My uncle John, as one of many nephews and nieces that loved him so dearly, I was very fortunate to have him as one of the true men in my life. As a child of divorce, I always looked forward to seeing him and getting a big bear hug from him. I was always so envious (not jealous) of my cousins to have such a great dad who always was interested in what you were doing and would listen to you and genuinely cared. I miss and love you Uncle John, and I love you to auntie Vicki.
What a wonderful man, a true gentleman. He was my first appointment in tax season, I got to shake off the rust while talking to him. Some years he brought homemade muffins too. He and Jeff taught me and my family how to golf nearly thirty years ago, at Jefferson Park. My condolences to Vicki and the family. I will miss him tremendously.
Roger Burgher, CPA
Great memories of exchange, laughter, opinions, and perspectives are so cherished. I am very happy to have had a close relationship with my dear Uncle.
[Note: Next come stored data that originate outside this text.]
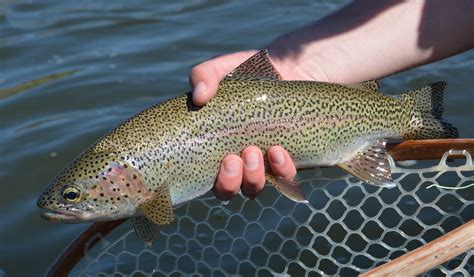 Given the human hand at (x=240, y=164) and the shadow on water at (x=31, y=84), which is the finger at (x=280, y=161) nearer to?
the human hand at (x=240, y=164)

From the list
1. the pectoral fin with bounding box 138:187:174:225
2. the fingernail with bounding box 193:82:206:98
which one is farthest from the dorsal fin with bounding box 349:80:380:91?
the pectoral fin with bounding box 138:187:174:225

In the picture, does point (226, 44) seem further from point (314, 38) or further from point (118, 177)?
point (118, 177)

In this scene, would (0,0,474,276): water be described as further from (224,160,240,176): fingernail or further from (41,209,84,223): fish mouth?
(224,160,240,176): fingernail

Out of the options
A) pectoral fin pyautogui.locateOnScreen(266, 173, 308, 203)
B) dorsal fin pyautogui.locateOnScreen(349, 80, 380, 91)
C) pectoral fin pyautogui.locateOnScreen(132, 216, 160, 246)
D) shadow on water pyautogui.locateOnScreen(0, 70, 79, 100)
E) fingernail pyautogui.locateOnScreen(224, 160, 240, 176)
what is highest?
dorsal fin pyautogui.locateOnScreen(349, 80, 380, 91)

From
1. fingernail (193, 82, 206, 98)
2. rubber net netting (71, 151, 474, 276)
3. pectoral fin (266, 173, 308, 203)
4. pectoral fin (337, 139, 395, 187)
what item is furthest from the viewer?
rubber net netting (71, 151, 474, 276)

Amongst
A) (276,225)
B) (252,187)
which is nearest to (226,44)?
(276,225)

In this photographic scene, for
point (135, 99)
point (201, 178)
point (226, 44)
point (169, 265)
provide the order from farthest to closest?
point (226, 44) < point (135, 99) < point (169, 265) < point (201, 178) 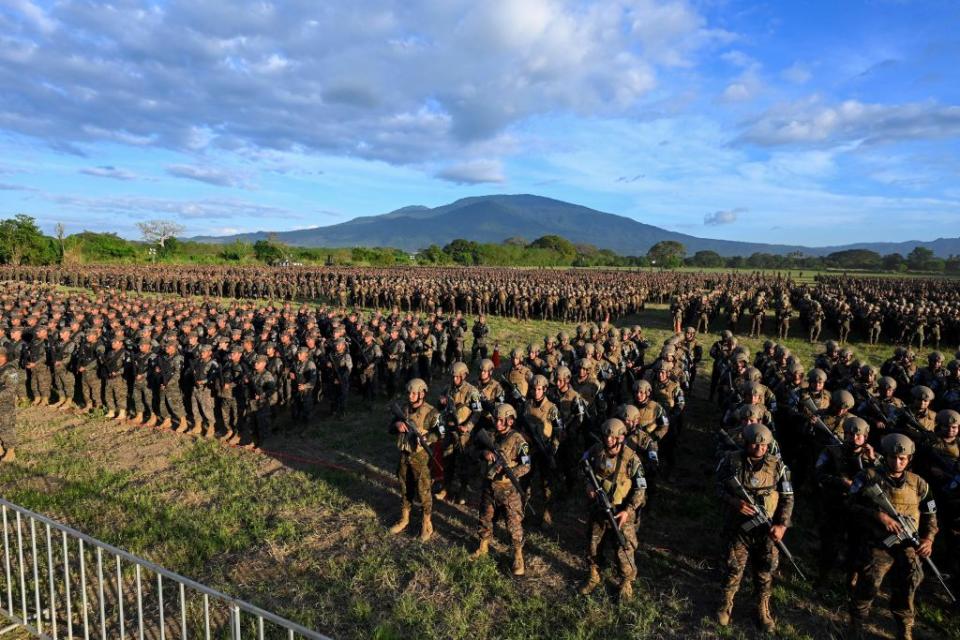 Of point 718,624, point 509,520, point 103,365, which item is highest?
point 103,365

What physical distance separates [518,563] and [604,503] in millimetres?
1479

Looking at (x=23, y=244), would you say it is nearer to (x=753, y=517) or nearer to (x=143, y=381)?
(x=143, y=381)

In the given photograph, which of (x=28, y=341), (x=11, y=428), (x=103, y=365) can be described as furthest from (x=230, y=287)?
(x=11, y=428)

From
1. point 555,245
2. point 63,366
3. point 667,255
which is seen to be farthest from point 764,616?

He welcomed my visits and I can remember being very glad to see him. His example was akin to a great statesman, always current and timely, relevant and fully considerate of all factors. I'm a better person for having known him.
- Paul D Gibson
I hired and worked with John from 1974 to 1976. We used to play golf together with my son caddying for me and his son Jeff caddying for him at a Golf Course on the southside of Seattle that had a leather rendering plant nearby and if the wind was blowing in the right direction it would clear your sinuses. Everybody loved John. He was intelligent, hardworking, and as many others have commented an old fashioned gentleman. I wish I had known him better personally and had stayed in touch after I moved from Seattle in 1976.